[Opening RECORDS PROVIDED section]
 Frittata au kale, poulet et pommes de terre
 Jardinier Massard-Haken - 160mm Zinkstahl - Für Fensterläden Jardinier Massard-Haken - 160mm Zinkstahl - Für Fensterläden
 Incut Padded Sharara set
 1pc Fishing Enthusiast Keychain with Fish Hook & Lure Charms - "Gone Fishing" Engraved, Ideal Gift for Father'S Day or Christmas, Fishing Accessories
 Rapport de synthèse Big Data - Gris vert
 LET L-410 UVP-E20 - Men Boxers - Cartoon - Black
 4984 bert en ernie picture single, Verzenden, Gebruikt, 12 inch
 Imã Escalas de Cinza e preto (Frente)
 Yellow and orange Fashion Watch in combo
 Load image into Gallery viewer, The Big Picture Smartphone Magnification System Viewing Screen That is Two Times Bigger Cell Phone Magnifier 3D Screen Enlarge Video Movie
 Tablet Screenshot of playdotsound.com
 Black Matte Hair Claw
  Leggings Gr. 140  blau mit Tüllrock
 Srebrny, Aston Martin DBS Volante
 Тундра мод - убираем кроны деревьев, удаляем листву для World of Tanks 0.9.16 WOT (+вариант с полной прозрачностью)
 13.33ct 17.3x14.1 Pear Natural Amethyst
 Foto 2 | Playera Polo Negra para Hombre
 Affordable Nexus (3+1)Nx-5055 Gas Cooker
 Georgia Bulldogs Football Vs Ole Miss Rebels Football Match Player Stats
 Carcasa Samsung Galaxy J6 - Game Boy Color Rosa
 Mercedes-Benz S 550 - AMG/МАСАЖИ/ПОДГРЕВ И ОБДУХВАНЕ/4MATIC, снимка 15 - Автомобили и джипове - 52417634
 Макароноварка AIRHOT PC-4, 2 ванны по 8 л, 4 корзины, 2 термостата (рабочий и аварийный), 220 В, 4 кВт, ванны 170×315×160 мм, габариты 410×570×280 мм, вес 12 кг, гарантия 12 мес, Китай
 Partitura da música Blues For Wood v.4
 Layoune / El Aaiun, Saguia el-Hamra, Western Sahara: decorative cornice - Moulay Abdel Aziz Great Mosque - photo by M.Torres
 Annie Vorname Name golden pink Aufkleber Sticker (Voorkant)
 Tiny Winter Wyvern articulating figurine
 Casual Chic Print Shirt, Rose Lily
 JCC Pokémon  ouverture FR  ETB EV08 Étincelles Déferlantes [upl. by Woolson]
[Closing RECORDS PROVIDED section]
WORK TO COMPLETE
For the lines above, output exactly those from the line containing "1pc Fishing Enthusiast" through the line containing "Leggings Gr. 140", and skip the others.

RESPONSE AREA
 1pc Fishing Enthusiast Keychain with Fish Hook & Lure Charms - "Gone Fishing" Engraved, Ideal Gift for Father'S Day or Christmas, Fishing Accessories
 Rapport de synthèse Big Data - Gris vert
 LET L-410 UVP-E20 - Men Boxers - Cartoon - Black
 4984 bert en ernie picture single, Verzenden, Gebruikt, 12 inch
 Imã Escalas de Cinza e preto (Frente)
 Yellow and orange Fashion Watch in combo
 Load image into Gallery viewer, The Big Picture Smartphone Magnification System Viewing Screen That is Two Times Bigger Cell Phone Magnifier 3D Screen Enlarge Video Movie
 Tablet Screenshot of playdotsound.com
 Black Matte Hair Claw
  Leggings Gr. 140  blau mit Tüllrock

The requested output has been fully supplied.